Test Grade Curves

, Matthew Murphy, Leave a comment

The SAT decides what colleges accept you, and now in school districts, you must pass a standardized test to graduate elementary and middle school. In one case, even the test graders have started to resent the difficulty these tests provide.

The Ohio Proficiency Test, which is the standardized test used by the State of Ohio as well as others, has controversy surrounding it. Former test graders have come out and expressed their worries over the bureaucracy that goes into grading the tests.

One former grader said that at times, the answer key for the essay questions, or the rubric as it is called, had been modified up to twenty-seven pages due to the variety of answers that could be correct. Before the updates, graders would plague their superiors with questions over whether or not an answer should be graded a certain way if a student’s answer seemed to be right but could not be found on the rubric.

The bigger problem grows out of the frustration of the graders. Some fear that students are not being graded fairly because the graders grow tired of having to check every answer with a twenty-seven-page answer key.

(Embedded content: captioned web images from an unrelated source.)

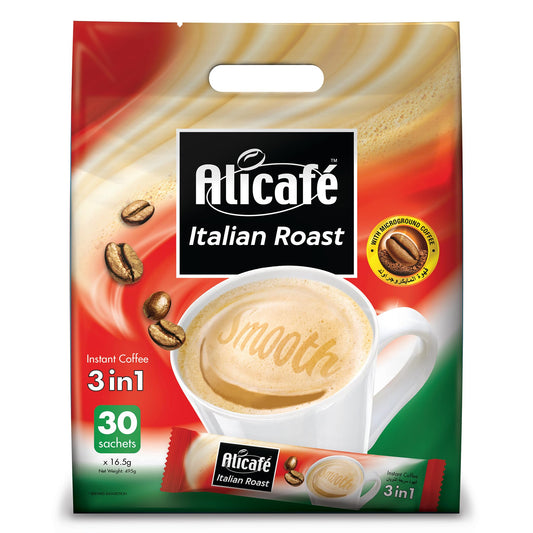 Alicafe Classic 3-in-1 Coffee, 40x20g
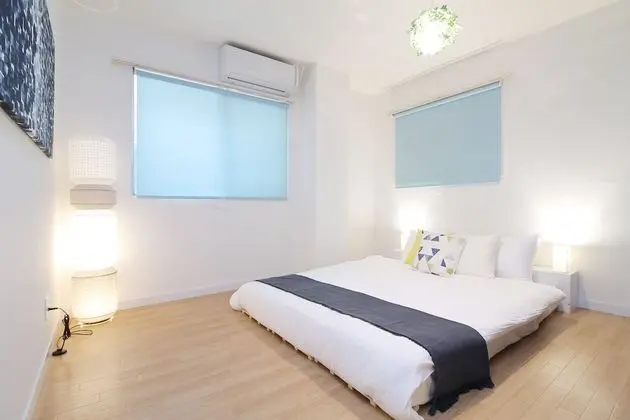 Apart Daire, 2 Yatak Odası, Sigara İçilmez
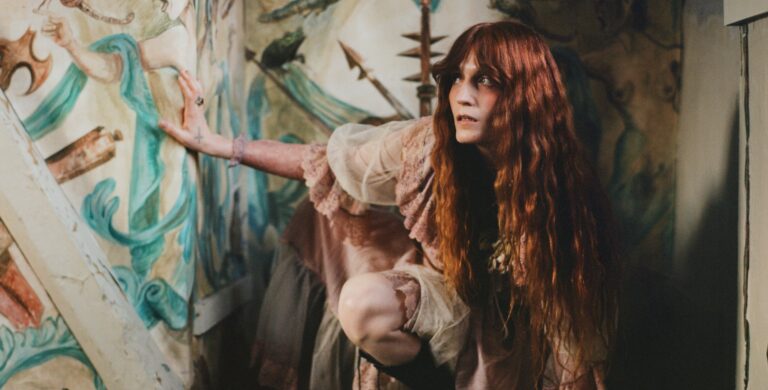 Florence Welch. Foto: Reprodução.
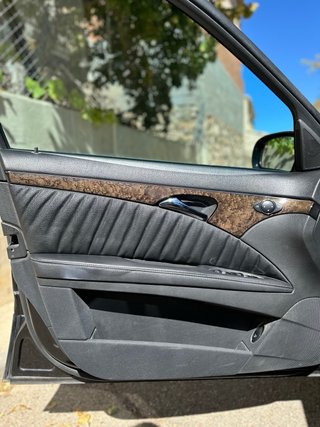 Mercedes-Benz Clase E 2005 CDI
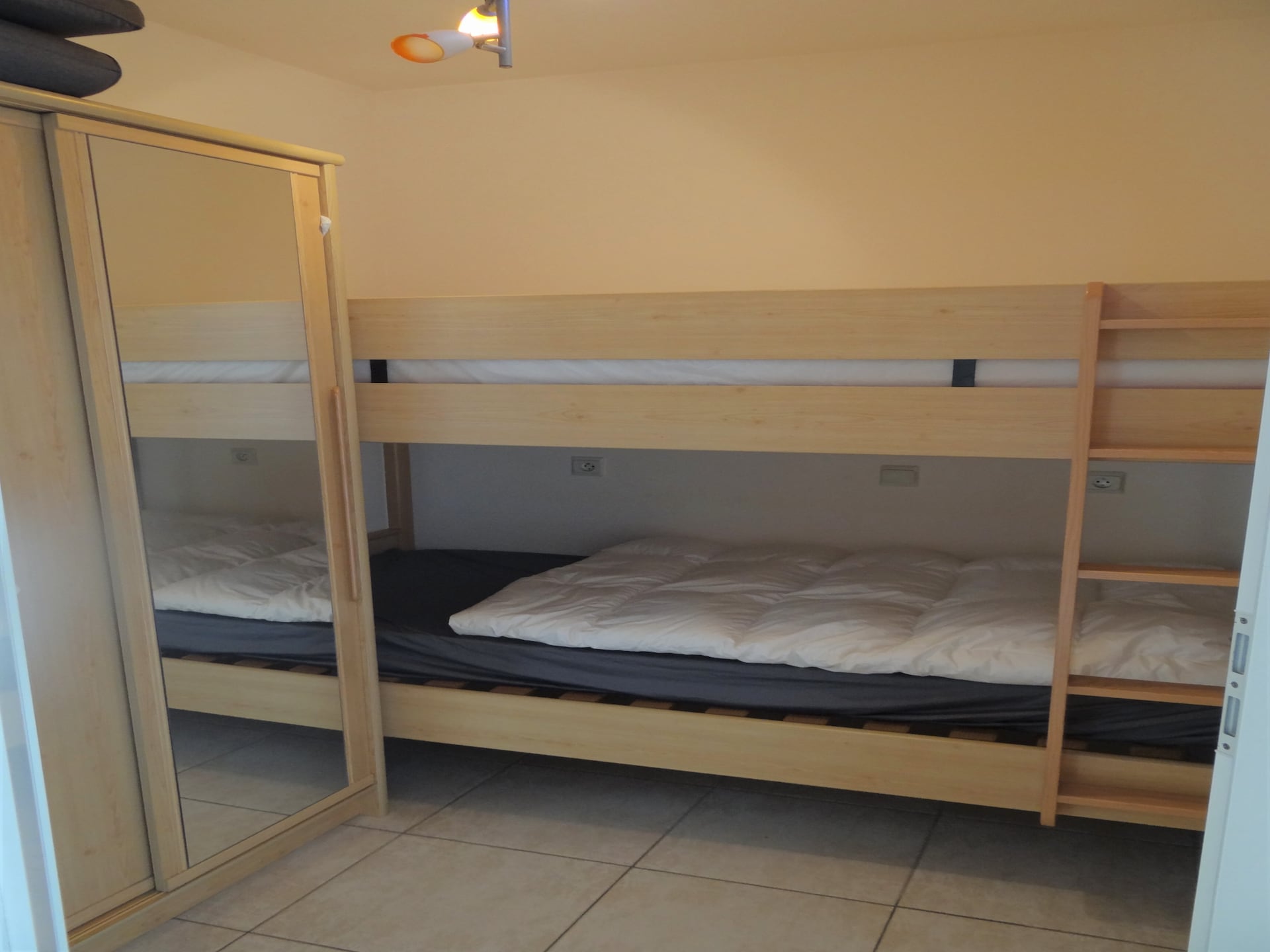 55m² penthouse aan de kust van Nieuwpoort voor 4 personen - foto 8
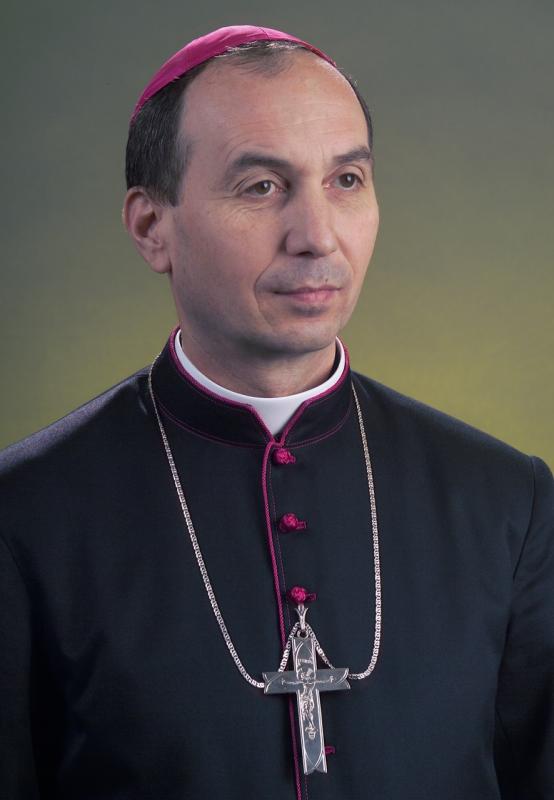 Dr. Udvardy György püspök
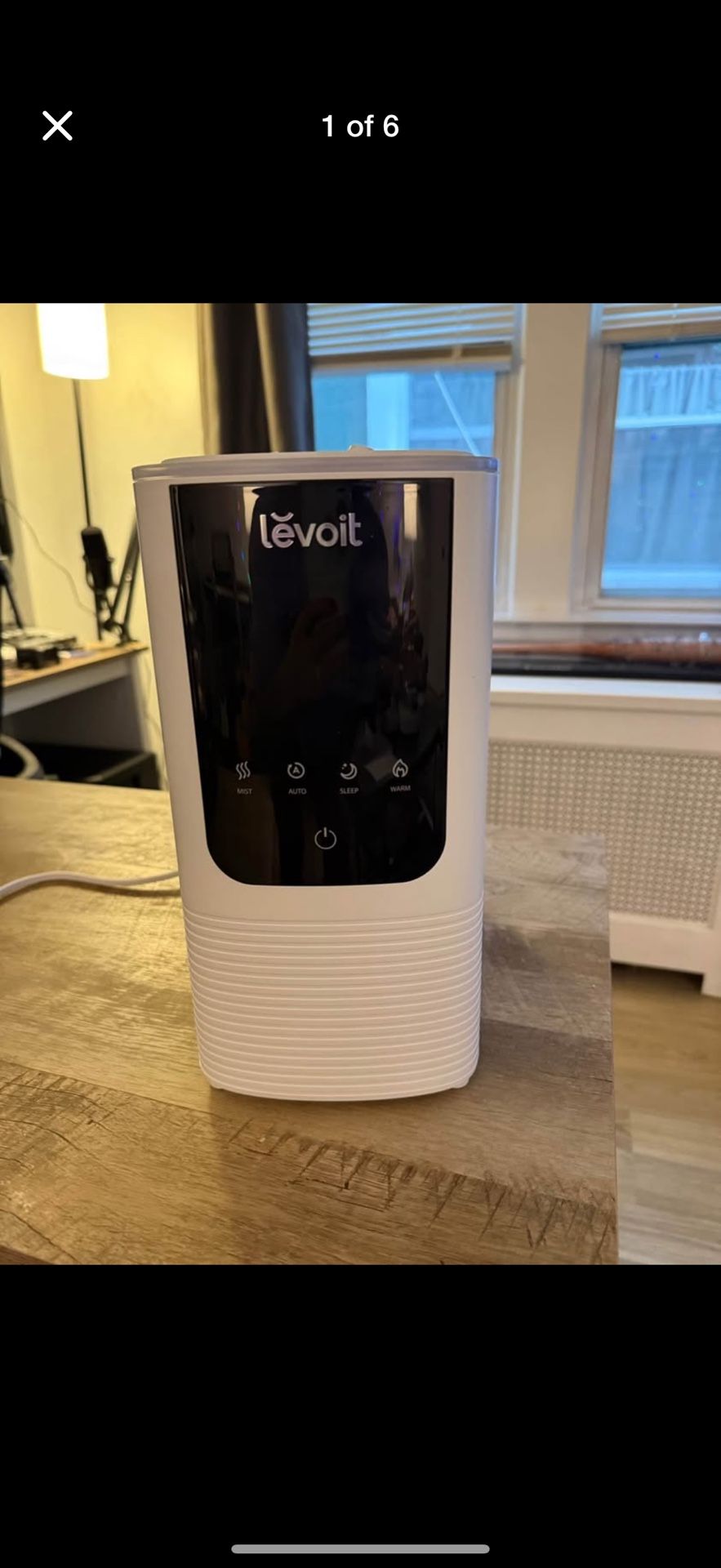 Levoit Humidifier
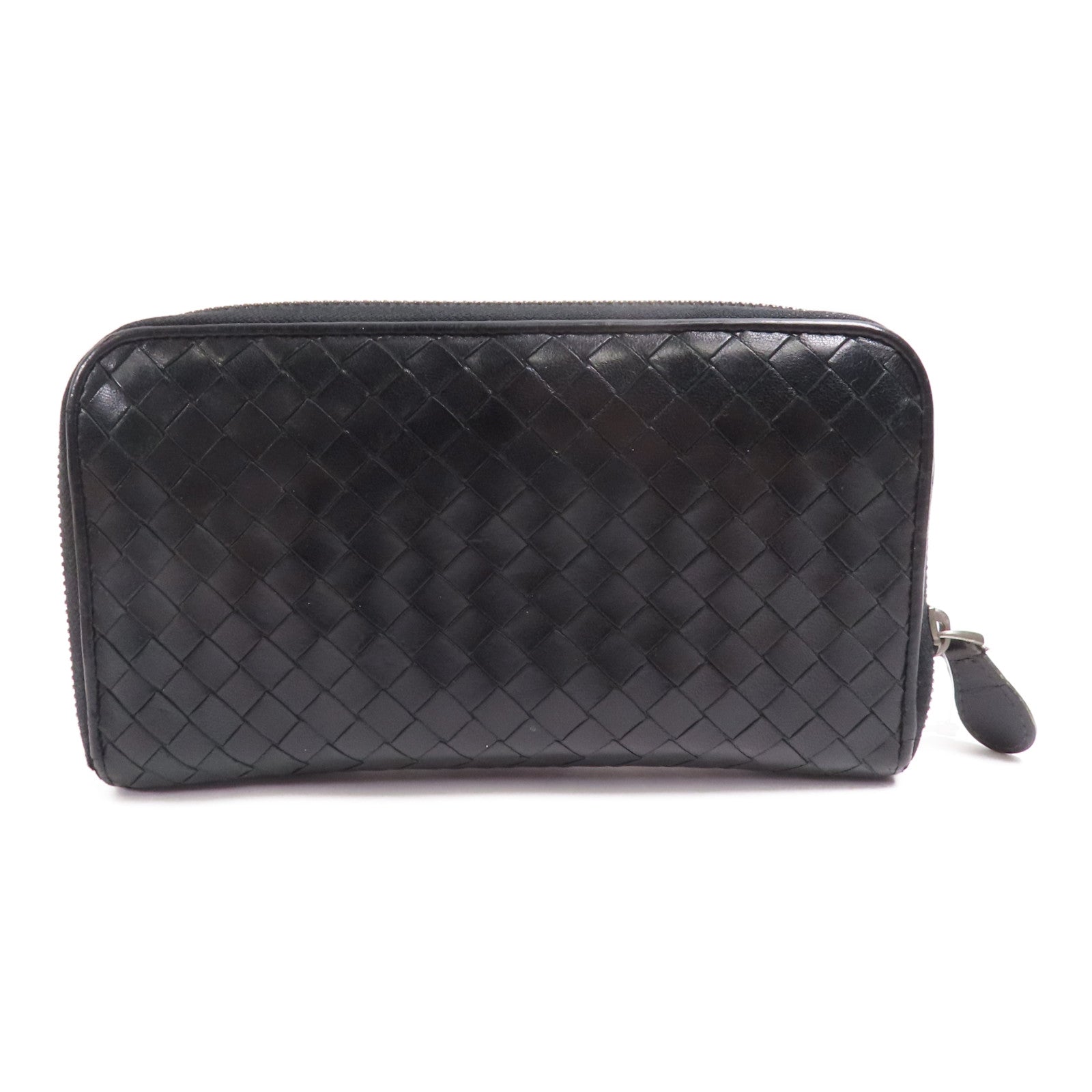 BOTTEGA VENETA 【激減優惠】皮革Long Wallet長錢包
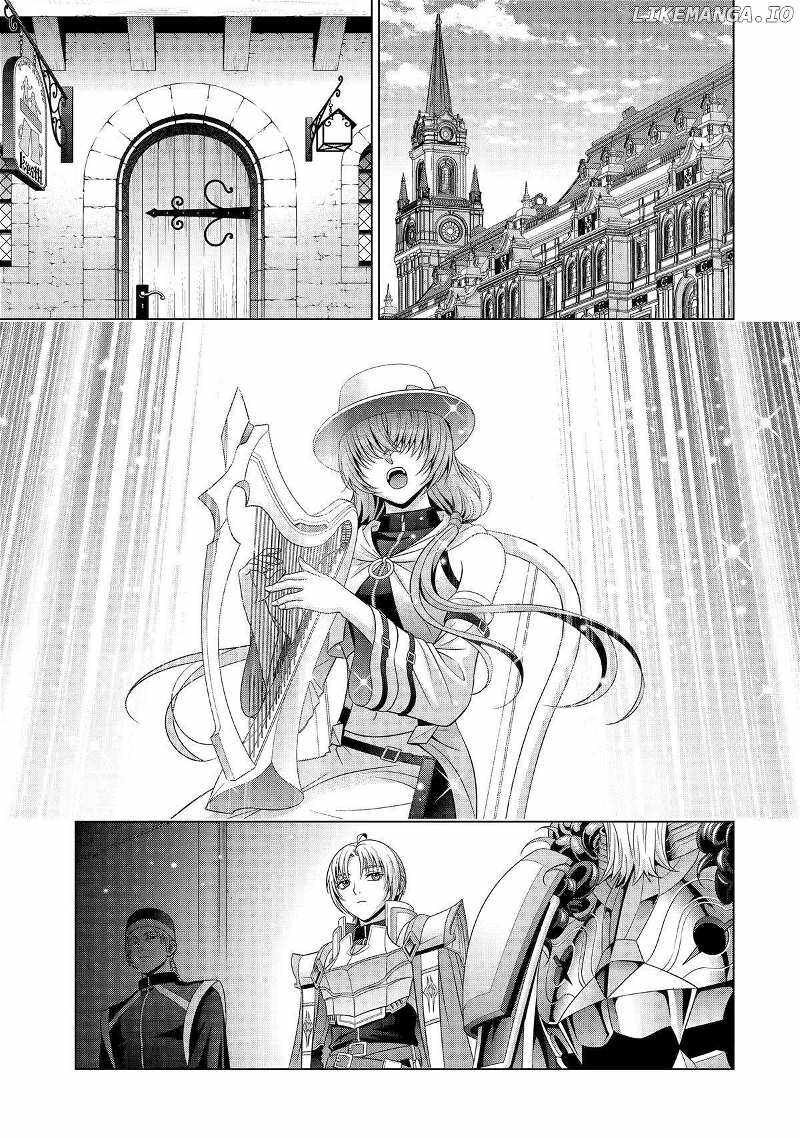 Kizoku Tensei Megumareta Umare Kara Saikyou No Chikara O Eru Chapter 57 Page 1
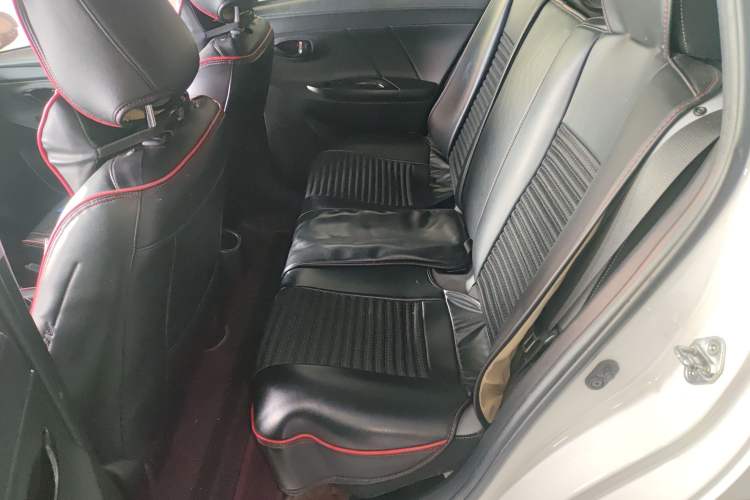 Used Toyota YARiS L Zhi Xuan 2021 X-Trail 1.5L CVT Leading Edition Left Rear Seat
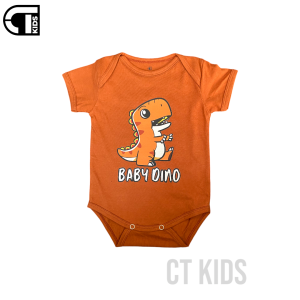 Jumper Karakter Bayi Jumpsuit Katun Newborn Bodysuit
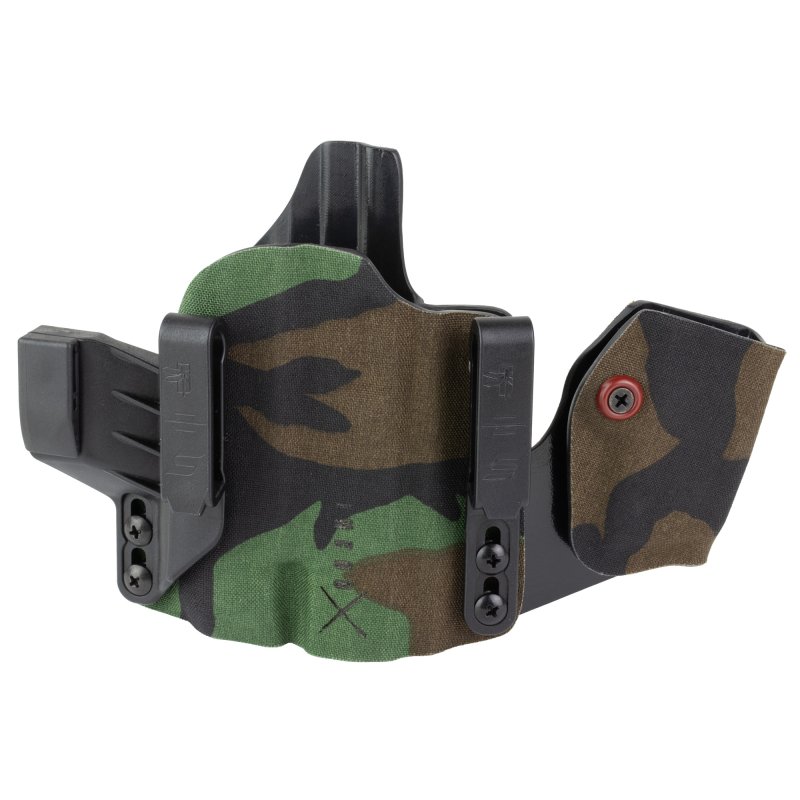 Safariland INCOG-X Holster Haley Strategic Inside Concealment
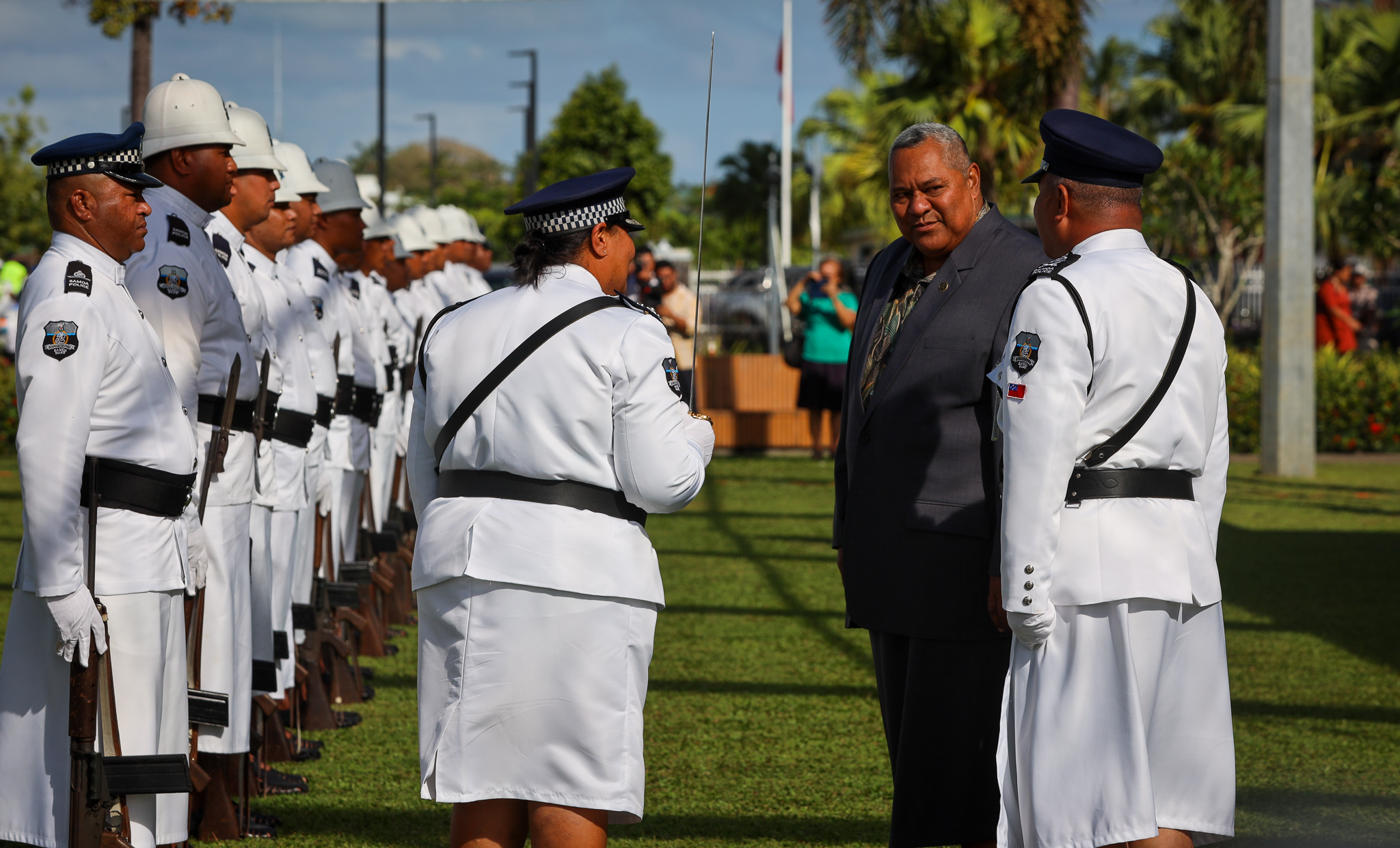 Immigration issues on Atoa Samoa agenda 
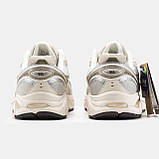 Чоловічі / жіночі кросівки Asics GT-2160 Beige, бежеві шкіряні кросівки асікс гт 2160, фото 6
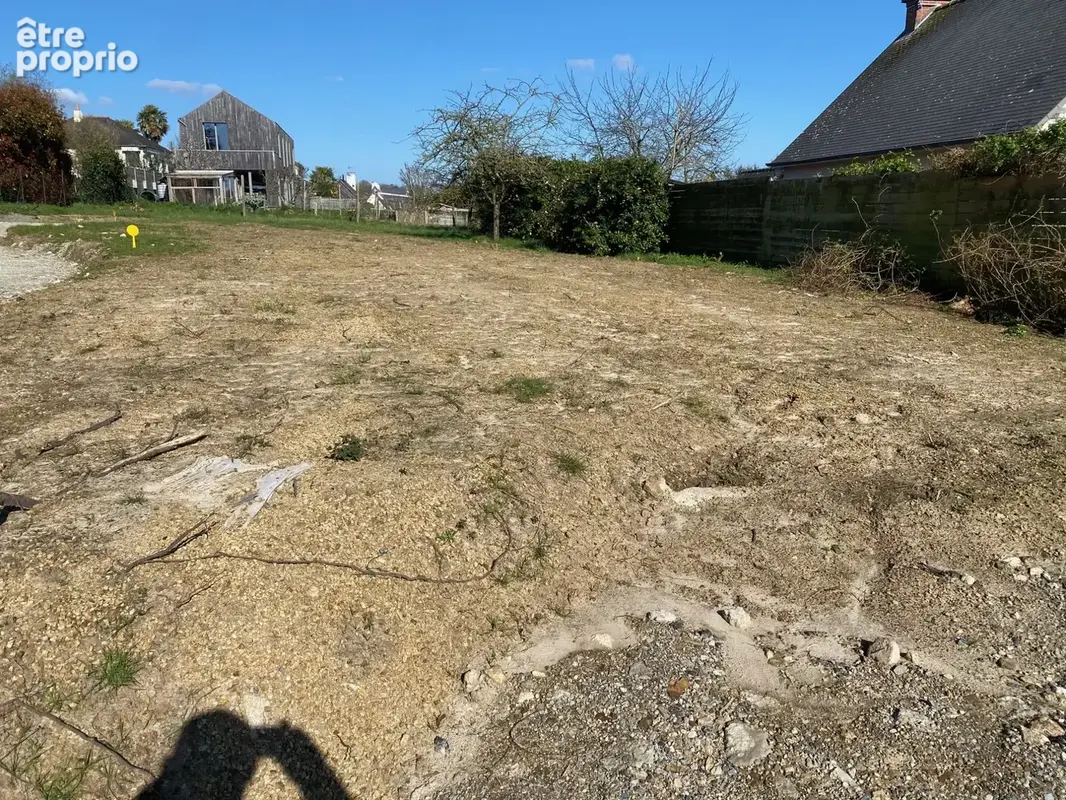 Terrain 401 m² à Langrolay-Sur-Rance  - photo 2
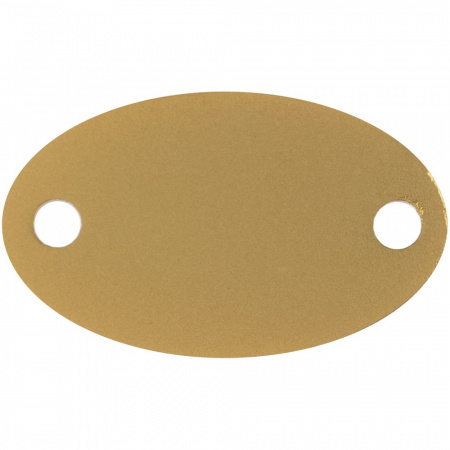 Шильдик металлический Alfa Oval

One of the former OPT graders, Mr. John Koudela, fears that the same problems that plagued the OPT will occur with the grading of the Washington Assessment of Student Learning, or WASL test.

Cathy Taylor, one of the creators of the WASL, stated that they would never ask questions that could have various interpretations as the OPT did.

Joseph Wilhoft, the Assessment Director for public school testing for the state of Washington, added that it takes eighteen months for an item to be added to the test. In that eighteen-month period, the items are scrutinized by a Content Review Committee.

After it passes through review, it is placed on the exam as a non-credit question which allows for the students to actually answer the question without any penalties to their actual scores. Often, these questions will confuse students. When a question does create confusion or multiple answers, it is up to the test contractors to create an answer key with all the valid answers.

The WASL is recognized for their approach to prevent a reoccurrence of the OPT problems. Still, as Wilhoft admitted, sometimes the questions do warrant multiple answers. Is that fair to the students? Who is failing whom in this system? Is it the students for being too open-minded or the test contractors for being too small-minded?

The test contractor, the Pearson Company, has a good reputation in the educational system. Still, it has its fair share of problems. There have been complaints about mistakes on tests in different states, including 400,000 higher grades given to WASL students in 2000.

Matthew Murphy is an intern at Accuracy in Academia.